Namun, hal yang berbeda akan kita peroleh jika kita memberikan soal ke dua kepada siswa. Hafalan ataupun pemahaman tentang rumus luas segitiga tidak cukup untuk menyelesaikan soal ke dua. Soal ke dua juga menuntut pemahaman tentang kombinatorik, yaitu kombinasi dua bilangan yang hasil kalinya adalah 96. Selain itu, soal ke dua juga memiliki banyak kemungkinan solusi benar sehingga hal ini dapat mengembangkan kreativitas siswa.

Interaktivitas
Paham sosial konstruktivis berpandangan bahwa perkembangan kognitif seorang individu merupakan suatu hasil dari komunikasi dalam kelompok sosial yang tidak bisa dipisahkan dalam kehidupan sehari-hari.

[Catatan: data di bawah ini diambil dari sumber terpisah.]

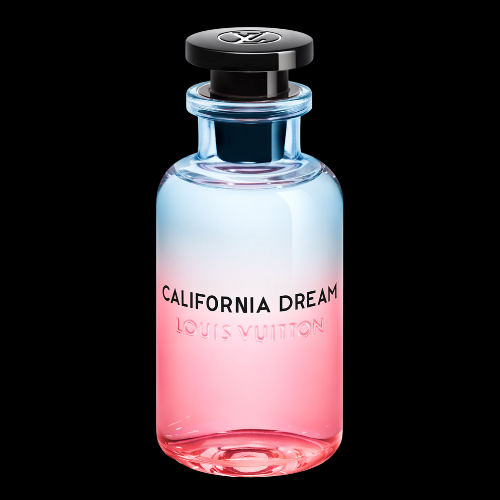 "CALI DREAMS"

Sebagaimana paham sosial konstruktivis, Pendidikan Matematika Realistik juga menekankan pentingnya interaksi sosial dalam pembelajaran. Interaksi sosial yang terjadi di antara siswa ketika bekerja sama menyelesaikan suatu masalah matematika maupun dalam mempresentasikan suatu hasil penyelesaian matematis dilandasi oleh norma yang berkembang dalam komunikasi, yaitu norma sosial dan norma sosiomatematik (Tatsis, 2007). Secara khusus Lopez (2007) membedakan norma sosiomatematik menjadi dua, yaitu:
1.             Norma sosiomatematik terkait dengan pemecahan masalah
Norma ini fokus pada ekspektasi bagaimana pemecahan masalah harus dilakukan. Sebagai contoh adalah mencoba berbagai macam strategi pemecahan masalah dan verfikasi hasil penyelesaian.

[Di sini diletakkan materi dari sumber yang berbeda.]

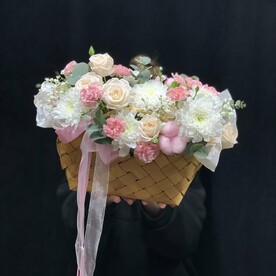 Корзинка «Золушка»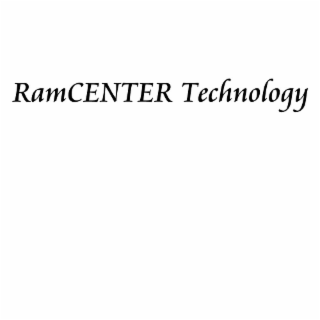 RAMCENTER TECHNOLOGY logo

2.             Norma sosiomatematik terkait dengan partisipasi dalam aktivitas bersama untuk pemecahan masalah
Norma ini fokus pada bentuk ideal interaksi sosial yang diharapkan dapat mendukung aktivitas penyelesaian masalah secara produktif. Norma sosiomatematik ini sebenarnya cenderung merupakan bentuk norma sosial, namun Lopez menekankan pada “objek matematis” dalam norma, yaitu “pemecahan masalah”.
Terlepas dari pembedaan norma sosiomatematik yang dirumuskan oleh Lopez tersebut, secara umum norma sosiomatematik berkaitan dengan negosiasi tentang: (1) apa yang disebut sebagai prosedur pemecahan masalah, (2) prosedur pemecahan masalah seperti apa yang bisa diterima, (3) alternatif prosedur, dan (4) perumusan prosedur yang efektif.

Keterkaitan
Penempatan domain matematika sebagai objek yang terpisah menyebabkan siswa mengalami kesulitan untuk melihat hubungan antar domain dan memahami bagaimana pengetahuan tentang suatu konsep dibutuhkan untuk mempelajari konsep lain. Selain itu, pada dunia nyata sangat jarang kita temukan suatu permasalahan matematika yang dapat dipahami dan diselsaikan hanya melalui penerapan suatu ilmu pengetahuan dari suatu domain (OECD, 2009). Domain-domain dalam matematika cenderung dipandang sebagai “isi” dari matematika, bukan sebagai “komponen” yang membentuk matematika.